Nama-nama dan sifat-sifat Tuhan berada di dalam Maqam Wahidiyyah karena merupakan hakekat yang menyingkapkan diri-Nya (madhahir al-asma'). Kita tidak mungkin mengenal diri-Nya melalui martabat Ahadiyyah maka Ia memperkenanlkan diri-Nya sendiri melalui Maqah Wahidiyah. Dari sini difahami bahwa 99 Nama Indah Tuhan yang dikenal dengan al-Asma' al-Husna, bisa merupakan jendela untuk mengintip, mengenal, dan mendekati Tuhan, sebagaimana disebutkan dalam Al-Qur'an: "Dan Allah memiliki Asma'ul Husna maka bermohonlah kepada-Nya dengan menyebut Asma'ul Husna itu" (Q.S. al-A'raf/7:180).

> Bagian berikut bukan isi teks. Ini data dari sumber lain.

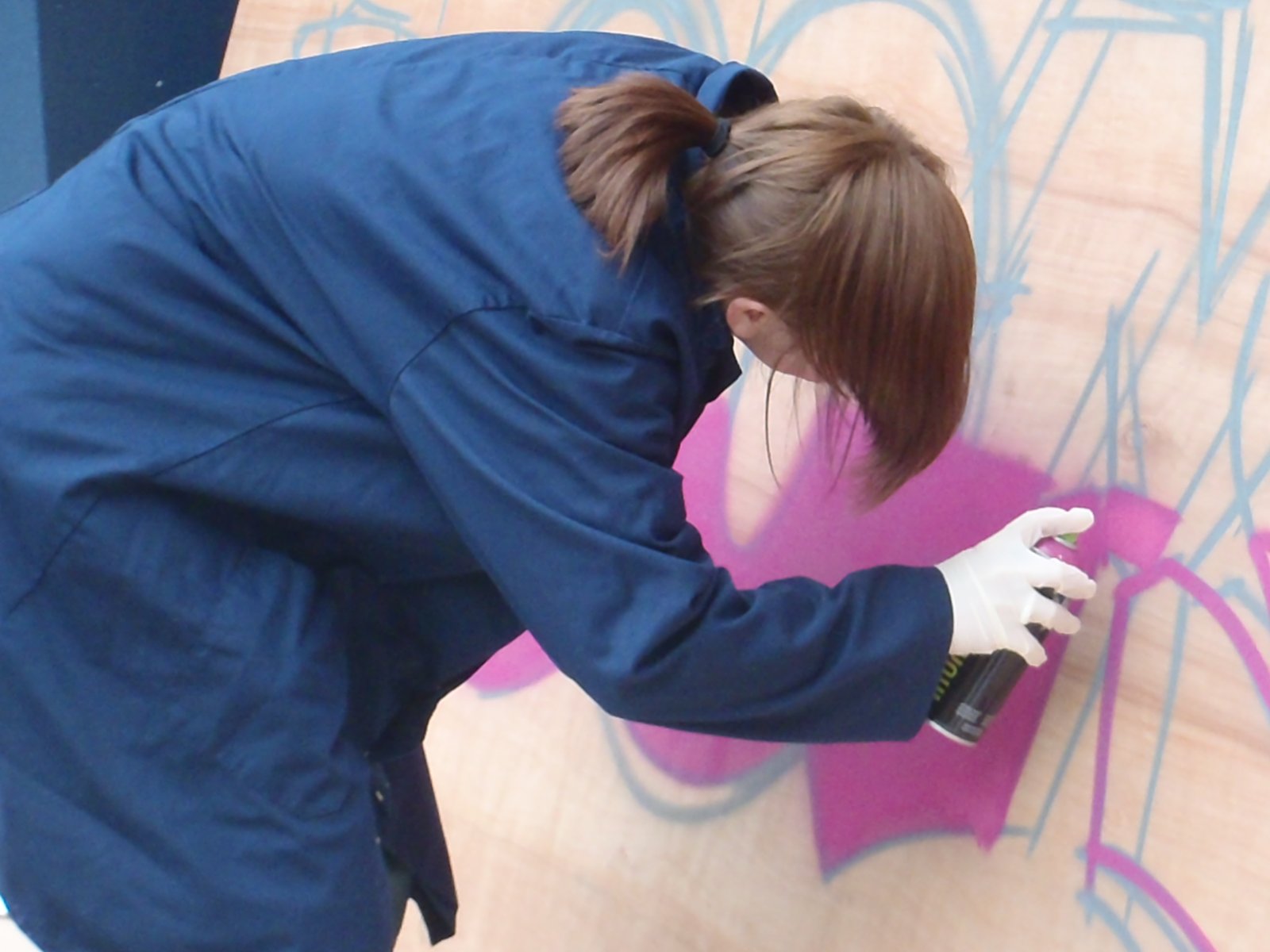 girl spray paints with purple paint at graffiti workshop in edinburgh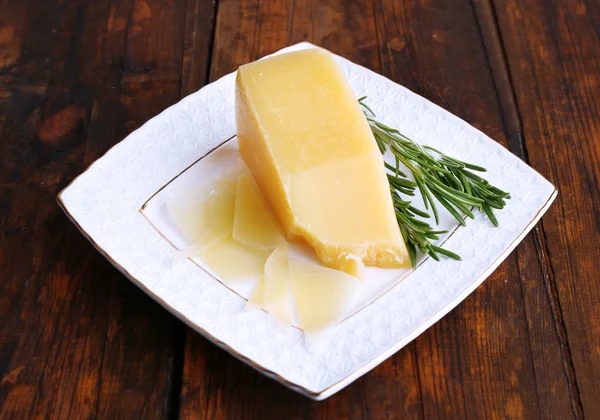 Parmesan cheese with sprig of rosemary on plate on wooden table background — Stock Photo, Image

Manifestasi Maqam Ahadiyah ke Maqam Wahidiyyah diterangkan dalam hadis Qudsi bahwa: "Aku pada mulanya harta yang tersembunyi, kemudian Aku ingin dikenal, maka kuciptakanlah makhluk dan melalui Aku mereka pun kenal pada-Ku." Dalam beberapa kitab tasawuf dijelaskan ketika Allah Swt sedang menyadari diri-Nya (subject conciusness) maka saat itu muncul subjek dan obyek dan muncul determinasi (mu'ayyan), manifestasi, spesifikasi. Ketika itu Tuhan tanazul (descended) dari kemutlakan-Nya menjadi partikularisasi. Ada yang sadar ada yang disadari meskipun subyek dan obyek tersebut masih tetap satu (Tunggal). Namun ketunggalan di sini oleh Ibnu 'Arabi disebut Ahadiyyah al-Wahid, yaitu ketunggalan relatif atau ketunggalan dari yang banyak. Berbeda di level Ahadiyyah Allah Swt betul-betul berada dalam ketunggalan atau keesaan mutlak sehingga disebut Ahadiyyah al-Ahad.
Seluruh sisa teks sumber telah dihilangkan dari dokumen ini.